O mesmo acontece relativamente à matéria da alínea e) que devia ser considerada provada, não se compreendendo que se dê como provado que a Autora fez investimentos no tratamento e melhoramento da parcela de terreno onde está implantada a vinha; A Autora procedeu ao arranque da vinha existente e criou acessos de ruas de trabalho às parcelas a vinha, quer interiores quer circundantes da vinha, furo, e cais de carga, e que a área útil da vinha é de 5.3915 hectares, e não se dê como provado, em face do depoimento das testemunhas e do que refere ainda a sentença que o valor do investimento foi com orçamentos elaborados e documento de fls 24, que não foi impugnado. Como é que apareceu aquele investimento? Por que motivo consta do imobilizado da Autora esse valor, não impugnado pelas Rés e, de repente o Tribunal ignora!

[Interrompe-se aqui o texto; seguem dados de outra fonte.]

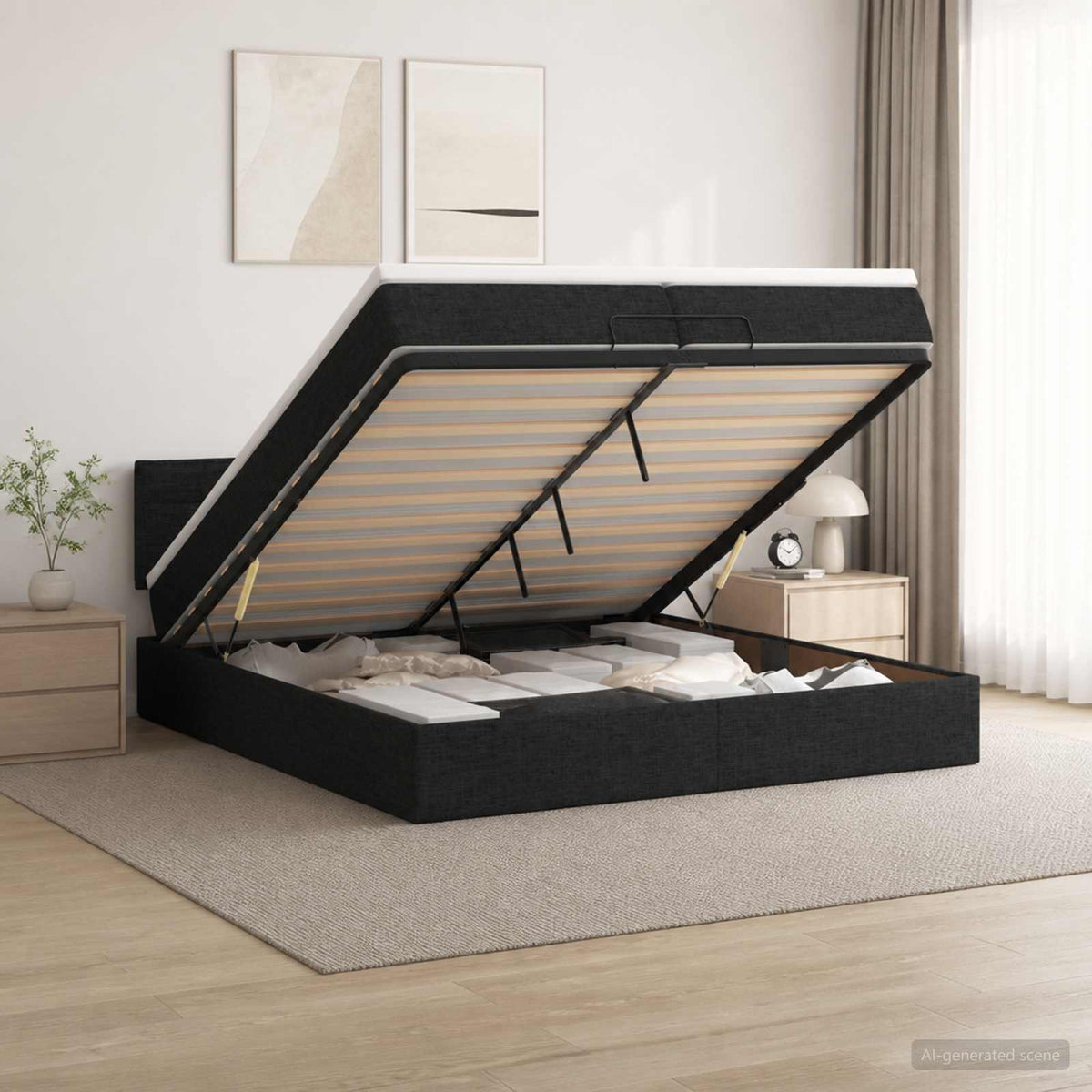 Ottoman Bett mit Matratze Schwarz 200 x 200 cm Stoff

Depois de formular conclusões relativas à essencialidade do erro, conclui que deve ser dado provimento ao presente recurso, e em consequência a sentença recorrida ser revogada, e declarada a procedência da acção. 8.2. Das Rés:
«Foram violados por erro de interpretação os artigos 15º nº3 do D-Lei 385/88, 607º nº4, 615º nº1 b), 662º nº1 e nº2 b) do CPC, 123º do CIRC, 236º, 237º, 238º, 239º e 334º do CC e cláusula 8ª do contrato de arrendamento. a) Requerem seja declarada a nulidade da aliás douta sentença na parte de que se recorre, baixando o processo à Primeira Instância a fim da falta de fundamentação ser sanada; b) Requer a alteração da matéria de facto com a anulação do Ponto 13 da douta sentença; c) Requer a alteração da aliás douta sentença e sua substituição por outra que conceda total provimento ao Pedido Reconvencional das ora recorrentes».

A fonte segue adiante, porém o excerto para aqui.